Death of Jezebel, 1880
Charcoal on tan wove paper
In view of various types of bombs and military actions, of the ever-increasing militarization of the police forces, and even of the rapacious bloodthirsty-ness of certain Christians and Christian leaders, it strikes me as necessary to address the term “violence.”
The problem is, of course, that unlike Peter Leithart’s assertion in his work on the topic, there are no clear-cut descriptions in the Bible regarding the lines between Violence, that chaos of suffering that humans unleash upon humans, and what Leithart glosses as “godly retribution,” such as when the Lord brings a siege upon Jerusalem such that women are eating their children.
I find this frustrating. In many ways, I wish that the work was a little more clear-cut. Stanley Hauerwas makes, of course, the opposite case (something he articulates directly near the end of this companion video to the one from Leithart, above), staking his ground on the matter that the Christian, no matter how Violence is defined, must not participate in the world’s economies of Violence.

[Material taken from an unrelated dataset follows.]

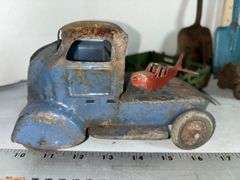 1950’s Press Steel Truck, American Flyer 629 Cattle Car, Press Steel Toy Shovel & Other Toys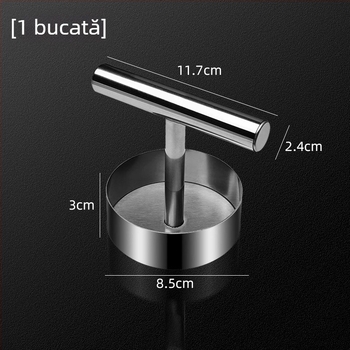 Presă circulară din oțel inoxidabil pentru carne și matriță pentru foi de gyoza – ustensilă de bucătărie DIY pentru burgeri, chiftele și bile de orez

Either way, however, we land in the difficult, indeterminate, terrain of having to define Violence. This, at the end of the day, is what problematizes both Leithart and Hauerwas’s claims. Each defines Violence according to his purposes in order to come out, on the other side, as a Christian, a person who, ideally, eschews Violence. Leithart dances around the discussion by making a simply binary distinction (Violence vs. God-Inflicted Harm), a narrative choice that is not only philosophically questionable (as all the Derridaeans reading this shuddered) but also exegetically unfavorable. It must be worth noting that the word used by the Hebrews to describe God’s judgment and the meaningless common sufferings is the same: ra’, meaning “evil” or “disaster.”

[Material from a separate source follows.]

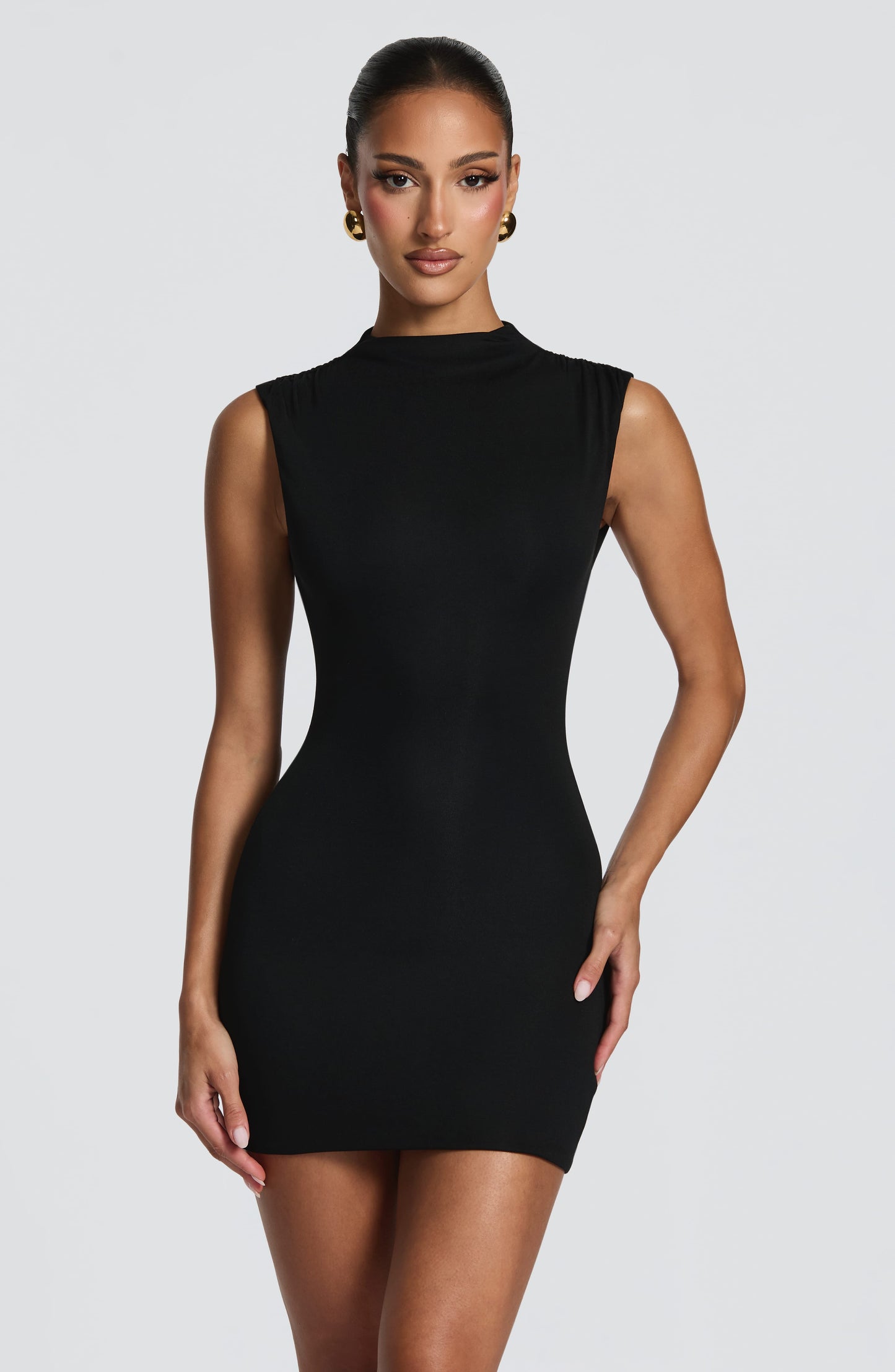 Soline Mini Dress Black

But Hauerwas falls to this same error by casually defining Violence as the sort of thing that happens when someone forces another person to do something via coercion. One of the students in the video asks— and this is a great question — “But what about parents with their children?” It seems clear that Violence is not simply a matter of coercion. Nor is it simply a matter of harm. Nor, should I add, is Violence simply a matter of Life and Death. Whatever the “progressive hermeneutic” we use with regards to Old Testament capital punishment, no interlocutor of the Bible can get away from the problem of stoning, or of execution, generally considered. And, here we get even more complicated, no interlocutor of the New Testament can avoid the problem of excommunication, something that certain readers would claim is a type of Violence of its own.
The issue at hand, then, is that Violence is a term easily defined for the sake of the narrative it inhabits. This isn’t just true about the term “Violence”; there are other terms that also can be re-defined to benefit this or that narrative. This is precisely why Christian humanism — in the old Renaissance sense of humanism: constant text translation and engagement with ancient thinkers — is necessary. It is simply all to easy to stake a claim upon an uncritical definition, rather than stake a definition upon a critical exegesis.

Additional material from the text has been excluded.